Segment Start: SUPPLIED INFORMATION

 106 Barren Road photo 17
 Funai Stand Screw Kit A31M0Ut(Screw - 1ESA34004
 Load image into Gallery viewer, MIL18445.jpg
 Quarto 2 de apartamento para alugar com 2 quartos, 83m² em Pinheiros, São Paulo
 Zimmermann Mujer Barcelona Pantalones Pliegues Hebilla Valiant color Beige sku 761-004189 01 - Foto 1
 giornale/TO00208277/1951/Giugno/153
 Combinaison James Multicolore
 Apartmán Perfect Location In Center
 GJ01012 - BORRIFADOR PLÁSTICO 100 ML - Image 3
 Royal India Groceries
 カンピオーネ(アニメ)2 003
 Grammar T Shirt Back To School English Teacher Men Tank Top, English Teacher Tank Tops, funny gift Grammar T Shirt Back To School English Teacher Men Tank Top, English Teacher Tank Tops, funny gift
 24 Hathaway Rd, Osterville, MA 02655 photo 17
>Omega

Segment End: SUPPLIED INFORMATION
Segment Start: SUPPLIED INFORMATION

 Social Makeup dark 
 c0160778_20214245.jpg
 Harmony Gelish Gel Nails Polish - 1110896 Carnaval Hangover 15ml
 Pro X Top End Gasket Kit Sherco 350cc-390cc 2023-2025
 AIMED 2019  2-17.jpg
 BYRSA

Segment End: SUPPLIED INFORMATION

## [TASK ITEM]
Find where the line with "106 Barren Road photo 17" sits in the material above, then copy exactly from it through the line with "funny gift Grammar". Add no other line.

## [EXPECTED ANSWER]
 106 Barren Road photo 17
 Funai Stand Screw Kit A31M0Ut(Screw - 1ESA34004
 Load image into Gallery viewer, MIL18445.jpg
 Quarto 2 de apartamento para alugar com 2 quartos, 83m² em Pinheiros, São Paulo
 Zimmermann Mujer Barcelona Pantalones Pliegues Hebilla Valiant color Beige sku 761-004189 01 - Foto 1
 giornale/TO00208277/1951/Giugno/153
 Combinaison James Multicolore
 Apartmán Perfect Location In Center
 GJ01012 - BORRIFADOR PLÁSTICO 100 ML - Image 3
 Royal India Groceries
 カンピオーネ(アニメ)2 003
 Grammar T Shirt Back To School English Teacher Men Tank Top, English Teacher Tank Tops, funny gift Grammar T Shirt Back To School English Teacher Men Tank Top, English Teacher Tank Tops, funny gift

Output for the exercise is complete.